20 апреля (3 мая) 1916 года я вышел погулять по Офицерской улице и обратил внимание, что под воротами соседнего дома собирается партия полиции и что, чего доброго, готовится обыск по какому-либо преступлению или для предупреждения недозволенного какого-либо собрания. Но оказалось, что дело касается меня лично. Как только я вошел в переднюю, сейчас же, через парадный и черный ход, появилась вооруженная полиция и заполнила все мои комнаты. Домашний обыск!
Это было уже показателем, что протоколы судебному следователю доставлены и настало время дело мое передать прокурору. Судебное следствие производили сенаторы Кузьмин и Носович.
Началась одна из оскорбительнейших процедур, якобы отправление правосудия, когда у ни в чем не повинного человека, – а в настоящем случае еще и заслуженного офицера, хорошо всем известного, – злоупотребляя законом, всюду суют свой нос, все раскрывают, роются, как в своем собственном кармане. Этот домашний обыск производили Носович и сенатор Богородский.
Хорош был Носович, ходивший у меня по кабинету, засунув руки в карманы и подслеповато рассматривавший фотографии, группы и портреты на стенах. «У нас уже все предрешено», – словно говорила его физиономия. А бедный старикашка Богородский, запряженный в это постыдное дело, среди развала, учиненного у меня, отпуская понятых, обратился к ним и городовым, сказав: «Прошу никому ничего не говорить о том, что здесь происходило».
Все уже, казалось, закончилось, как какой-то юнец, с золотыми пуговицами на вицмундире, набрел в прихожей на блюдо с визитными карточками, которые он из усердия принес к одному из старших чинов; но тому, вероятно, самому стало противно, и он в моем присутствии резко сказал ему: «Бросьте!»

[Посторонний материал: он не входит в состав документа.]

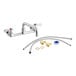 A chrome Regency wall mount faucet with 8" swing spout and install kit.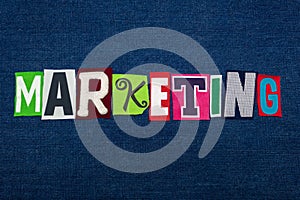 MARKETING text word collage, multi colored fabric on blue denim, sales and marketing concept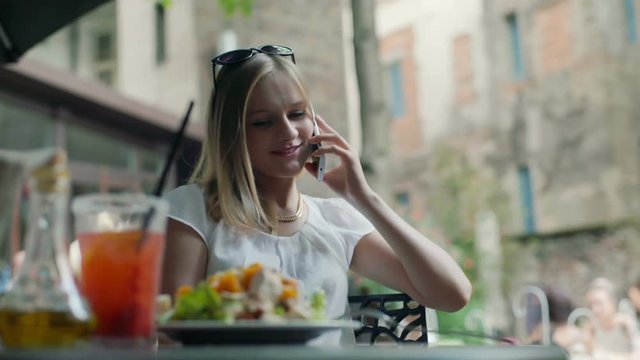 Happy, stylish businesswoman chatting on cellphone druing her break
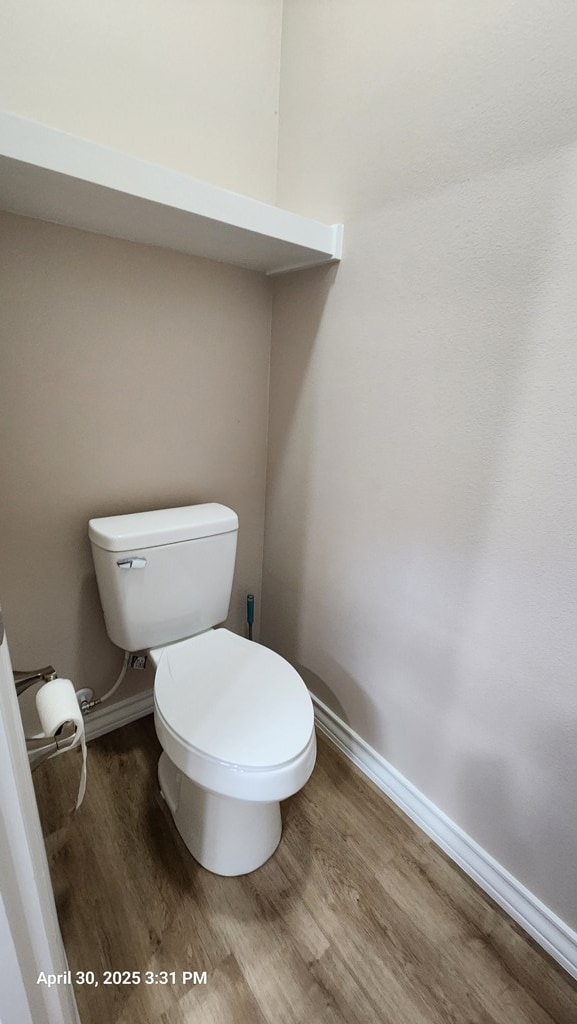 1104 Osprey Dr, Midland, TX 79706 - bathroom with toilet, wood finished floors, and baseboards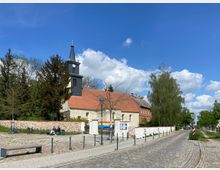 Historische Dorfkirche mit hellem Putz, rotem Ziegeldach und einem dunklen Kirchturm mit Uhr, umgeben von Bäumen und einer niedrigen Steinmauer; im Vordergrund eine gepflasterte Straße mit Parkbänken und Fahrrädern.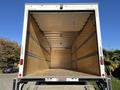 A 2022 Lion Lion6 truck with an empty cargo area featuring wooden walls and a smooth wooden floor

Вся эта процедура длилась с раннего утра до 4 часов пополудни. В каком состоянии были нервы моей жены и мои, – я думаю, всякому понятно. Надо было много выдержки и характера, чтобы все это «оскорбление во имя закона» перенести спокойно. По заранее составленной программе должен был состояться арест, уже и генерал Григорьев прибыл, а между тем обыск не дал для этого решительно никакого материала и повода. Я ждал, чтобы все эти непрошеные мои гости покинули нас скорее, но они не уходили. После непродолжительного совещания мне было объявлено, что теперь приступят к допросу.
Я просил отложить допрос до следующего дня, тем более, что было уже поздно, нервы мои взвинчены, и никаких обстоятельных показаний при таких условиях быть не может. Носович, опасаясь, что Богородский, чего доброго, на это согласится, отрицательно мотал головой, и согласия не последовало. Богородский даже рассердился, заявив мне, что если я откажусь сейчас от показаний, то он вынужден меня лишить свободы, так как предъявляемые мне обвинения чрезвычайно серьезны.
Поэтому, после бестолкового опроса, который другим и не мог быть, Богородский прочел мне постановление, в котором значилось, что мои показания не разубедили его в тех обвинениях, которые на меня возводятся, а потому он прибегает к высшей мере «пресечения», а именно аресту, так как опасается, что я могу уклониться от суда.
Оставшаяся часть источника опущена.